Lots of opportunities
Unlike the job market, there are plenty of opportunities within the public speaking circuit, even with the reduction in trade shows and conferences.

"Trade shows are desperate for good speakers," said Carmine Gallo, principal of the media training and presentation business for the Gallo Communication Group in Pleasanton, CA. "Ninety percent of speakers who show up at trade shows are pretty poor at communicating a vision."

The best approach is to start honing public speaking skills at smaller venues. This could be a local rotary club or a regional meeting of a professional organization. These are excellent venues for beginners to work out the kinks in their first presentations.

Obviously, speakers on this level aren't paid, but the experience more than compensates for the effort. Practice time for perfecting presentation and speaking skills is key to landing the bigger, more professionally rewarding speaking opportunities.

Heading right into a mainstream conference or trade show without prior practice or experience isn't a smart step. The majority of executives who attend the big shows have listened to dozens, maybe hundreds, of presentations and expect a level of professionalism newcomers most likely won't be able to deliver.

In fact, not having experience will likely thwart any new speaker's efforts to move into the mainstream anyway.

"It's unlikely that a conference promoter wants to take someone who has no experience in front of an audience and throw him in front of 600 people," said Matthew Moran, an IT career coach and author of  The IT Career Builder's Toolkit.

Getting on the schedule
While there are lots of ways to break into public speaking, there is no one definitive blueprint to work from. Popular, and obvious, strategies include calling acquaintances who may be serving on a conference committee or leading a specific organization that sponsors shows to get on the speaking track.

"There is no straight line from A to B to C," said Rae Weil, the communications program coordinator for Pacific Northwest National Laboratory, a national lab in Richland, WA. "It's more of a flow chart.
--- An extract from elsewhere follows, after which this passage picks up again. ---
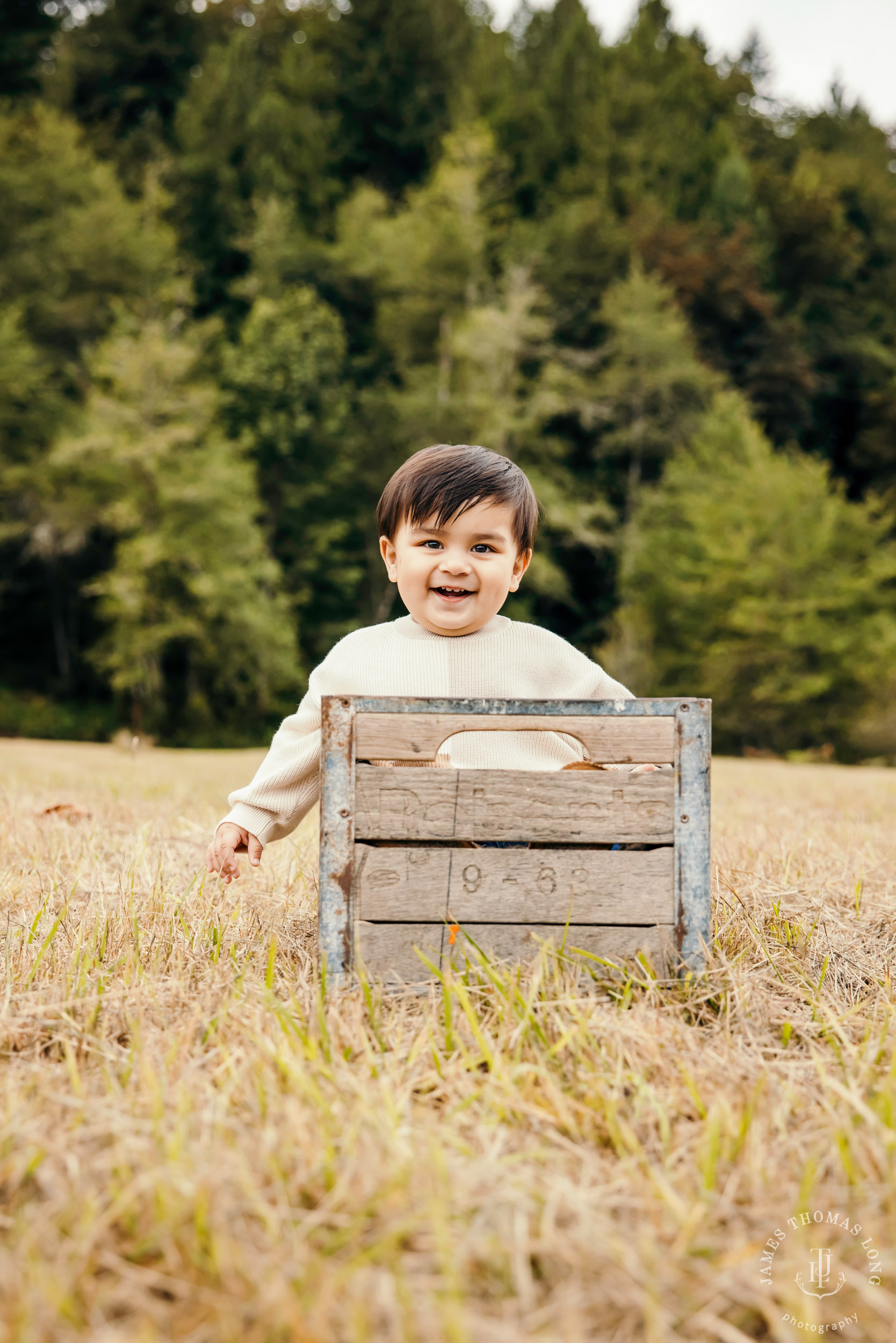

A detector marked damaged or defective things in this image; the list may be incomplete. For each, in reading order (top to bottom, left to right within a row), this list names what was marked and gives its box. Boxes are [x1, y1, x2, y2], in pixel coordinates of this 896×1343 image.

rusty metal edge [317, 693, 355, 988]
rusty metal edge [677, 704, 709, 978]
There are a thousand paths. Some are networking; some might be more aggressive marketing campaigns."

Moran noted that smaller conferences are a good starting place for new exec speakers because such conferences are always in need of speakers. Consistently appearing at these events will likely lead to opportunities at larger venues.

"Start with the local NT or tech users group and speak to them about something similar to what you want to talk to a larger group about," Moran said. "Refine your message." Just as in any business, conference organizers are likely familiar with counterparts working on other efforts or larger shows, and you can begin networking the circuit and getting your name out through the smaller venue operators.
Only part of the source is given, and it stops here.